O autor francês admite que o silêncio pode ter o poder de nos deixar inquietos (não mais que o barulho, ressalva), mas diz que é historiador e não quer falar do presente. Ainda assim, reconhece que “o silêncio hoje já não é muito praticado”, mesmo as crianças e os mais jovens “não gostam do silêncio”.


E refere também que não será tanto o alarido no espaço urbano que nos impede de apreciar o silêncio no presente. “O ruído da cidade, que se tornou outro, não é sem dúvida mais ensurdecedor que no século XIX”, afirma. “O essencial da inovação reside na hipermediatização, na permanente conexão e, por conseguinte, no incessante fluxo de palavras que se impõe ao indivíduo e que o levam a recear o silêncio.”

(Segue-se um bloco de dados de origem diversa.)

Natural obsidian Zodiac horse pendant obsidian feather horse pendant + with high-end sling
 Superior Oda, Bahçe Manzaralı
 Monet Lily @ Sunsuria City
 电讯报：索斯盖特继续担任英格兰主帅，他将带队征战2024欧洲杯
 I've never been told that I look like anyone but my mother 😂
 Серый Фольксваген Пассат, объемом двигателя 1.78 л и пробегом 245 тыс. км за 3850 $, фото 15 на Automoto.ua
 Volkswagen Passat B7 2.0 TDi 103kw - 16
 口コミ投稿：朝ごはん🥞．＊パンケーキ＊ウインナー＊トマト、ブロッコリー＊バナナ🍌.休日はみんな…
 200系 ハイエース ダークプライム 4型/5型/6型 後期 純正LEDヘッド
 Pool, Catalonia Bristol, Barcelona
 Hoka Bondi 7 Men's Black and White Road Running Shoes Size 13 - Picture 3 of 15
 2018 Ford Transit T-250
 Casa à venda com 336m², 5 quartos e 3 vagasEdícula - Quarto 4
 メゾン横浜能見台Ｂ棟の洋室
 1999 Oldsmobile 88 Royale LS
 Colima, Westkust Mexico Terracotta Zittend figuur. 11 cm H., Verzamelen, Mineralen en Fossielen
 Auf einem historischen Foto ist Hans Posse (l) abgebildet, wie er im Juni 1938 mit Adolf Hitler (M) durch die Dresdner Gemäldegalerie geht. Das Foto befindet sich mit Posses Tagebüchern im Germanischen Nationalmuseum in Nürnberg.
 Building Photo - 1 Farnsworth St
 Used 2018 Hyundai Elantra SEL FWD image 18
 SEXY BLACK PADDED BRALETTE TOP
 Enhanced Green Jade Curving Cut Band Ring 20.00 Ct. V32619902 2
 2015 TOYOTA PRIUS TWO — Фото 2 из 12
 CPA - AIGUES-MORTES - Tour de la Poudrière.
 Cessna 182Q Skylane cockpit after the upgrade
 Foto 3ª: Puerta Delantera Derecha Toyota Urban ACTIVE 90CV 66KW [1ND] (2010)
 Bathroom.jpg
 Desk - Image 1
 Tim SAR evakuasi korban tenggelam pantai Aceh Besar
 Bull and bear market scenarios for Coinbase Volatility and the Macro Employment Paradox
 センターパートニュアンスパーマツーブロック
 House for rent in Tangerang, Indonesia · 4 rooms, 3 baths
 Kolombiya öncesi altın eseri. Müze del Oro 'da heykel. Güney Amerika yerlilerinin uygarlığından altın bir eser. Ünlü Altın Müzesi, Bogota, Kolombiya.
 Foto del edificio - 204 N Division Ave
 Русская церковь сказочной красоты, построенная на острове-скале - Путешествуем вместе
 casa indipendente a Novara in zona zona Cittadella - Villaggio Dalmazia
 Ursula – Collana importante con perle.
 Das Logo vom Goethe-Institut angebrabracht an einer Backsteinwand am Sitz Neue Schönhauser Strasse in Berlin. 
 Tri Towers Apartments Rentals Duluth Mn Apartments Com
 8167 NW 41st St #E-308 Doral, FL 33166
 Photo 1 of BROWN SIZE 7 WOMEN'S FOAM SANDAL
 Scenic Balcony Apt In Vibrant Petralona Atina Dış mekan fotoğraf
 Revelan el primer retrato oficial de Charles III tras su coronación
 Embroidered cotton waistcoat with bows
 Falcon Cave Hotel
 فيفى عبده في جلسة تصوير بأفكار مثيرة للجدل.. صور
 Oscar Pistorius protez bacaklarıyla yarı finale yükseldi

O silêncio da reflexão vem de dentro, mas o espaço em nosso redor ajuda a dar-lhe forma. No livro, o historiador debruça-se sobre o papel da casa e do quarto solitário, à noite, como forma essencial de apreciar o silêncio – o primeiro capítulo é sobre estes lugares. Em História do Silêncio, também encontramos o silêncio no deserto, na montanha, na oração, na pintura, no amor, no ódio e na agonia. De resto, os silêncios podem ter muitos outros significados: podem ser tácticos, de inércia, dúvida, ironia, retenção ou delicadeza.

Numa outra dimensão, Alain Corbin diz, na entrevista, que também “o animal é silêncio” – e talvez seja por isso que tanta gente goste dos seus animais de estimação. “O gato em particular sabe habitar o silêncio que parece simbolizar”, escreve no livro. Ao Ípsilon, o historiador (que nasceu na Normandia em 1936) recorda um episódio de quando tinha 23 anos, na sua terra natal: “Um dia, apoiei-me numa barreira enquanto esperava pelo autocarro e uma vaca chegou-se perto de mim e ficámos a olhar um para o outro durante um quarto de hora”, conta. “E garanto-lhe que o silêncio da vaca, os olhos dela… deixaram-me bastante comovido.”

Hoje, parece-lhe que estamos perante “o fim do silêncio” – mas vai encontrando vislumbres de quem ainda o tenta viver. Como podemos resgatar o silêncio das sombras? Primeiro, há que dar por ele. Reconhecer a sua existência. Depois, há que evitar distracções. Reaprender a estar em silêncio é essencial para o ser humano. Alain Corbin resume: “Se nos queremos encontrar a nós próprios e aprender a ser nós mesmos, o melhor é ir para o quarto e ficar em silêncio.”